In a time when everything is being rebooted, movies and games have been cashing in on safe bets and taking advantage of nostalgia and optimism. Unfortunately, iterations often fail to improve upon the past, either being unsuccessful at the delicate balancing act of old and new features or changing the games into something entirely different. Even worse than being converted into a different genre is the constant comparison to a favorite game from generations past. The worst offender is GoldenEye 007 for the Nintendo 64. Not only has it prevented the Bond games from resembling the movies in any way, but it has turned the clever spy with the coolest gadget cache on the planet into an all-too-replaceable super soldier with an itchy trigger finger.
There have been plenty of games since, but the comparisons were inescapable. Games that strayed from the first-person perspective or that stuck too closely to the movie’s narrative were often viewed as steps backward from the greatness of GoldenEye. A third-person game based on the film Tomorrow Never Dies was developed after GoldenEye. Critics trampled on the game. It was different from its predecessor in every way, and didn’t even include a multiplayer mode. After the ratings for the next three first-person shooters had started to fall, developers attempted another third-person game in 2004.

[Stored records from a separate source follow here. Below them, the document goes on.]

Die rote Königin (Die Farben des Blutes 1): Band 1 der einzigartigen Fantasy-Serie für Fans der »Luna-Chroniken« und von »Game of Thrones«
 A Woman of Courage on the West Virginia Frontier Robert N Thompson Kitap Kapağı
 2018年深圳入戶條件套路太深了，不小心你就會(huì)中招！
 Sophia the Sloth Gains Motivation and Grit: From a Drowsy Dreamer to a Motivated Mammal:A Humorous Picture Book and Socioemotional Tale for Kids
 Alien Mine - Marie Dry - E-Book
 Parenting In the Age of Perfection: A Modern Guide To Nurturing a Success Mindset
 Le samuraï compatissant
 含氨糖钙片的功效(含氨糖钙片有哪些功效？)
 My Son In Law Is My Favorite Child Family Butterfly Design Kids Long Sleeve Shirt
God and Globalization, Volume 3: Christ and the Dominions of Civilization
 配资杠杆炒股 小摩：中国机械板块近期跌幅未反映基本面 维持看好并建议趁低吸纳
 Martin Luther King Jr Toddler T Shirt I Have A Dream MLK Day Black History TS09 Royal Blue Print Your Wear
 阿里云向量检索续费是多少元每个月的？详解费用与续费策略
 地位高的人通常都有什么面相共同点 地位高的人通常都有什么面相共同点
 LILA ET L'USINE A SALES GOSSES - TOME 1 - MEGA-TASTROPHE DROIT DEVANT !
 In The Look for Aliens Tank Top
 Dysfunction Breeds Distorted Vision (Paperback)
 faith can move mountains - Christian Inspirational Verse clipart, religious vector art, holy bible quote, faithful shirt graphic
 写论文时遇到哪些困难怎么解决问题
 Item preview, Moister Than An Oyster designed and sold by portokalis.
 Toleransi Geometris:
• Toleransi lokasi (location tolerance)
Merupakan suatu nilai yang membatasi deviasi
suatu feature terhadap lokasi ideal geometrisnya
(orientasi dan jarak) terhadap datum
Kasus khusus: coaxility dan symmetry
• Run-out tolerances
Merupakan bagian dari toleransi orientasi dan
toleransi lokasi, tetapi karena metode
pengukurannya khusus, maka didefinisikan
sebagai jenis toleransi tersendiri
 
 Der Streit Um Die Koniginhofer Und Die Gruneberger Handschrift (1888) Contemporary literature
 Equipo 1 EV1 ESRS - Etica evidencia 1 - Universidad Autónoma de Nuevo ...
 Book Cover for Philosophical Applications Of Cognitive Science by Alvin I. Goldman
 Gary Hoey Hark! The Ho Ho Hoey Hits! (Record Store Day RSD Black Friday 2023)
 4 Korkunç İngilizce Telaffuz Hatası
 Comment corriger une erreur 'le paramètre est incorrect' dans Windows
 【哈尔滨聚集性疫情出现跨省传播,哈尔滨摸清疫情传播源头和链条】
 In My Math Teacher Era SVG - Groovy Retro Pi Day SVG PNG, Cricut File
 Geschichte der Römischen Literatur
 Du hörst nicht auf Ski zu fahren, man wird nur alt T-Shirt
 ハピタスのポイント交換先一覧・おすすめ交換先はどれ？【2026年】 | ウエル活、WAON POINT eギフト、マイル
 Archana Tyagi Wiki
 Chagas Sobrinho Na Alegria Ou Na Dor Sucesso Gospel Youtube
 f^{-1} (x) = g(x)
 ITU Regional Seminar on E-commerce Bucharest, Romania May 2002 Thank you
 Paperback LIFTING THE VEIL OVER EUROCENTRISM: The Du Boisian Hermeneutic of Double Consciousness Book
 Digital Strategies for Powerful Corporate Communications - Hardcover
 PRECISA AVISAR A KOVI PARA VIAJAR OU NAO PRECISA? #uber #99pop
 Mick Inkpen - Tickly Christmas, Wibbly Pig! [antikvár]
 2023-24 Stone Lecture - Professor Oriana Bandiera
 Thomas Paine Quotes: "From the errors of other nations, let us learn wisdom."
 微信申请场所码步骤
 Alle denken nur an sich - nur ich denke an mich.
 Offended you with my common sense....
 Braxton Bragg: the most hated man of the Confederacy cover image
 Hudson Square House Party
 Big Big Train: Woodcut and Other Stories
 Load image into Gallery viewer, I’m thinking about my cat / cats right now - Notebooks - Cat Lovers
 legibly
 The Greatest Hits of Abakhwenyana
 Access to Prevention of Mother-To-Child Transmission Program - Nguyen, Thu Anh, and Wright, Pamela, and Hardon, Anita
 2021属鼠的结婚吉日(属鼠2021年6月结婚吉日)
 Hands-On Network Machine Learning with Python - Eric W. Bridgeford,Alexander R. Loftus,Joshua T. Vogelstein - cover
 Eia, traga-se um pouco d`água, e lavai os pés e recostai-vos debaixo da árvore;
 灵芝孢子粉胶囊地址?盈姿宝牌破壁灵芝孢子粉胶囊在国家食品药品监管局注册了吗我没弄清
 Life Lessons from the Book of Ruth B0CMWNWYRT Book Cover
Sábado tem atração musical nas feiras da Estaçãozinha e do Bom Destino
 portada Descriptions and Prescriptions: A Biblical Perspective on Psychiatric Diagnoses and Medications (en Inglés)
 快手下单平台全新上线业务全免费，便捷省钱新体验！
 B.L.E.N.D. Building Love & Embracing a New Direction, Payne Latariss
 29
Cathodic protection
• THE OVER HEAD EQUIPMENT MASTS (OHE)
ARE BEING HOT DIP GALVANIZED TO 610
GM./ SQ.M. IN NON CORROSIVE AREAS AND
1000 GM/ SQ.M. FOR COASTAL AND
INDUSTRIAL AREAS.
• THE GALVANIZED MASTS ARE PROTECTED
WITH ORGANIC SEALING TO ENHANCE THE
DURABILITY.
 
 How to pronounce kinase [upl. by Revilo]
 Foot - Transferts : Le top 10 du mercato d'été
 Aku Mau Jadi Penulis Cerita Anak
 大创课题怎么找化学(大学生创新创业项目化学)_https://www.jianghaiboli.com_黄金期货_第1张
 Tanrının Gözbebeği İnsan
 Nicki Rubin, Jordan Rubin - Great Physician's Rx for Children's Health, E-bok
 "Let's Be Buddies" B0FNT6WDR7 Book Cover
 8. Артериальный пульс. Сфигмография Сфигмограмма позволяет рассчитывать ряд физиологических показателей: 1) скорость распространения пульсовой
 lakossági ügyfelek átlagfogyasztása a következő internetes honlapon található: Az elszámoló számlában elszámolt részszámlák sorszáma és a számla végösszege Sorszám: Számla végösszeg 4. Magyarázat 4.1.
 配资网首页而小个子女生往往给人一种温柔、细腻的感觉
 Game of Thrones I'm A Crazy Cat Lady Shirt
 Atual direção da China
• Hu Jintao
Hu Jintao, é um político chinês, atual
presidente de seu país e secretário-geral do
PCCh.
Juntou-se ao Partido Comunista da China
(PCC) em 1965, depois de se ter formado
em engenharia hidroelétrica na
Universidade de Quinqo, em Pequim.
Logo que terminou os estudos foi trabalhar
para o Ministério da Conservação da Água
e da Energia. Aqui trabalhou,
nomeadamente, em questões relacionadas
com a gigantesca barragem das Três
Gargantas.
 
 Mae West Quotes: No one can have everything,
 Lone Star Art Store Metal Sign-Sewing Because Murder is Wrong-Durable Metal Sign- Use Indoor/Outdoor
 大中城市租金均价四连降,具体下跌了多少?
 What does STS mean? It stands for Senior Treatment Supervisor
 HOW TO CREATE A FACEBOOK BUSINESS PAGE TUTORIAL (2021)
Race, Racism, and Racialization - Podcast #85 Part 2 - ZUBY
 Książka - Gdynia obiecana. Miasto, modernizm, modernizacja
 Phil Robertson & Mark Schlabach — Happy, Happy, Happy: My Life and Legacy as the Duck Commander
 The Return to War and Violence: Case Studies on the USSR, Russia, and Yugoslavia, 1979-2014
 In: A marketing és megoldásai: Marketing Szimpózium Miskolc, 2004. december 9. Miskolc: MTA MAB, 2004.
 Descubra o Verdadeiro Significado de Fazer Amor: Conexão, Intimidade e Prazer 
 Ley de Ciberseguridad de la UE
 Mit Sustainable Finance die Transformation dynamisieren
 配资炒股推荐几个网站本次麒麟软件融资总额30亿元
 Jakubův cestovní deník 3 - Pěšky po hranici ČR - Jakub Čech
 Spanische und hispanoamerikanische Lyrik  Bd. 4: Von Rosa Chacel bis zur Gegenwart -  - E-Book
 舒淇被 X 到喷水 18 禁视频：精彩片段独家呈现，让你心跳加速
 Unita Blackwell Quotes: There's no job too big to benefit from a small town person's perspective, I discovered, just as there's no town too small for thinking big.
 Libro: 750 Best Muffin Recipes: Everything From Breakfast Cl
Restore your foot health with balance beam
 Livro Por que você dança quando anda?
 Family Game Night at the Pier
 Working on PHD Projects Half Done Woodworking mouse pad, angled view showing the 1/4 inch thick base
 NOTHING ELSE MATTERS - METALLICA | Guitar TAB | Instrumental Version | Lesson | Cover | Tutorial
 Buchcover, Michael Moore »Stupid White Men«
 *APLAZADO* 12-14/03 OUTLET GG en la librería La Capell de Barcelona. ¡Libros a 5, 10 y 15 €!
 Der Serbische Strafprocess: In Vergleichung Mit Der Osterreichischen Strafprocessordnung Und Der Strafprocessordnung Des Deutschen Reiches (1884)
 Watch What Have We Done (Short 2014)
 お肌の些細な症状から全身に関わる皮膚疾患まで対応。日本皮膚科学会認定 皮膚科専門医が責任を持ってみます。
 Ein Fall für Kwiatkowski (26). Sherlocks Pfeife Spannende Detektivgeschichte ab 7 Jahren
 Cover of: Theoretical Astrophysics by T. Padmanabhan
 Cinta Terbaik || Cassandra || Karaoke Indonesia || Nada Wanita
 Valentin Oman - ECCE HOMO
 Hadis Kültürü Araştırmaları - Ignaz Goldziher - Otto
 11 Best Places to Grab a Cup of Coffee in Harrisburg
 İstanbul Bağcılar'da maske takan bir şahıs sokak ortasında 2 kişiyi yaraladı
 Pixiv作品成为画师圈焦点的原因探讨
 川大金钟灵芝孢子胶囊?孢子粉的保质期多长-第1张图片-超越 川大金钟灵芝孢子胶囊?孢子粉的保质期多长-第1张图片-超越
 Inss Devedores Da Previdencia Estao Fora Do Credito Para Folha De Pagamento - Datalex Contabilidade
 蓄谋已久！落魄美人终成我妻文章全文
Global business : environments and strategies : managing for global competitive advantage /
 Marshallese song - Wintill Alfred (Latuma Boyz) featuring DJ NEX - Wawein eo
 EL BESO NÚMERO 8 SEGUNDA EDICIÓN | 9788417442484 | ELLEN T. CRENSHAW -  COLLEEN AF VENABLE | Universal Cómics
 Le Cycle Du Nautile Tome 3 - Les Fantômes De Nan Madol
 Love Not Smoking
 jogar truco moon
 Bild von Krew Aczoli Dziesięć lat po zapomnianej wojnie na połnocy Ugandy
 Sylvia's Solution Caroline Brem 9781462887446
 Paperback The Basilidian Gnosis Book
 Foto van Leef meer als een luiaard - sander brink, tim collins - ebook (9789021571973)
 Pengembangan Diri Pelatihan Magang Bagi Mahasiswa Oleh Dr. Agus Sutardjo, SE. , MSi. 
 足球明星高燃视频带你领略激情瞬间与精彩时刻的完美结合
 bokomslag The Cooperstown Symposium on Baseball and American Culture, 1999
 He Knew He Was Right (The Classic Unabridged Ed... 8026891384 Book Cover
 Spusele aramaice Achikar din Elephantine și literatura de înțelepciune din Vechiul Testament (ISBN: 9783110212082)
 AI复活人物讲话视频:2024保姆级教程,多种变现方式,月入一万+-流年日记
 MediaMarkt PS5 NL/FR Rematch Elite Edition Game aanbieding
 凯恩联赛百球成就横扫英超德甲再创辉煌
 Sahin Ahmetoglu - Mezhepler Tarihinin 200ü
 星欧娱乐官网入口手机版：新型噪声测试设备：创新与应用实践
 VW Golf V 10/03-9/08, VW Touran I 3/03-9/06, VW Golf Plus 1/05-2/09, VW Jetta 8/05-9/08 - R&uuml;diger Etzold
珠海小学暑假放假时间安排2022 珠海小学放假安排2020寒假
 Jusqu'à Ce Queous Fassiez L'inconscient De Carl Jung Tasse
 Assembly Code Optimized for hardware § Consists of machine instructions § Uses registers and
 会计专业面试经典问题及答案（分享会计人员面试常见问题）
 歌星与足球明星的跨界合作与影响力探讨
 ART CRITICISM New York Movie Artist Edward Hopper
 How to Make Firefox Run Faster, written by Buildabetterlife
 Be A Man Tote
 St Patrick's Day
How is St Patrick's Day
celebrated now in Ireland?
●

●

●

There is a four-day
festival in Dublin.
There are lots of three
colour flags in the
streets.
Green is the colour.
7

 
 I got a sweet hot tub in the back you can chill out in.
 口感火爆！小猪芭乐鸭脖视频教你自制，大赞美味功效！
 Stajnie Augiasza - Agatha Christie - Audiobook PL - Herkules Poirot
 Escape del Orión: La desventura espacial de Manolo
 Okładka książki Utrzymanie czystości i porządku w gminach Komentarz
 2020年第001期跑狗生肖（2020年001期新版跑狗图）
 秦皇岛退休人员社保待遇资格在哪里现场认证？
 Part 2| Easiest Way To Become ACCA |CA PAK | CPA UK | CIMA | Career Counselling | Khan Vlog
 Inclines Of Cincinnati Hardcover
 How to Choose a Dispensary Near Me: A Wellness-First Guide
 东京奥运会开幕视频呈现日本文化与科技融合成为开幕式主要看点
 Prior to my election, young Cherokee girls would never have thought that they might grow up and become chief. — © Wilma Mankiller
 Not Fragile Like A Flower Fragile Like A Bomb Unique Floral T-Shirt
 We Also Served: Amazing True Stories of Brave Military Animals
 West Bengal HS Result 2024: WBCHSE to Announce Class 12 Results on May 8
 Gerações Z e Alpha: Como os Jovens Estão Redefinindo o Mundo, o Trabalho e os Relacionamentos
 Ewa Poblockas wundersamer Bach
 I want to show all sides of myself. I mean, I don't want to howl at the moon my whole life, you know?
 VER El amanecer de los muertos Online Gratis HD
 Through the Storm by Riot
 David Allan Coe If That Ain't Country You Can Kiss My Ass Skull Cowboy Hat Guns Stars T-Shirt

As the movies filled with set pieces and explosions, so did the games, but the movies still kept Bond’s kill count low. Unfortunately, in the games the option to run or use ingenuity and a watch laser don’t seem as broadly appealing as tight corridors and gunplay. The games always rewarded the player for finding sneaky ways into buildings or using your gadgets to evade sentries, but these were in the quiet moments between things going boom. James becomes less of a super spy and more like a super soldier. Even in the N64 classic, gamers could kill more enemies in a single mission than Bond does in the entire film.
What the franchise needs is change. A different change. It’s shifted too far toward the bombastic firefights of Call of Duty and Battlefield. In order to create a more authentic experience, 007 games should be modeled after Metal Gear Solid, Deus Ex and Dishonored. The players are given the same amount of tools as any other action game, but create scenarios in which an entire game can be completed without a single kill. Not only does it more closely resemble what Bond actually does, but it increases replayability far more than a tacked on multiplayer mode. Developers need to turn their back on nostalgia and whatever sales guarantee comes with a Call of Duty clone and make an engrossing game that does the Bond brand justice.
GoldenEye showed us that movie games don’t have to be terrible. It brought great multiplayer shooting to our couches and made us feel like an MI6 agent through its incredible single player mode. The remakes ended up disappointing us and the original stories like “GoldenEye from the enemy’s perspective” from Rogue Agent fell short of their potential. So long as 007 games give us a machine gun and tons of nameless soldiers to shoot, the less Bond-like the players become. Exciting stealth games have been developed since and allow the player to use guns or knives as a backup when they are spotted. It is not like that developers don’t know how to make a good spy game. Plenty do, but they lack the popularity that FPS games enjoy because stealth games are often more difficult and feature slower gameplay. As long as consumers keep buying the imitations, developers won’t make the Bond game that is deserving of the 007 title.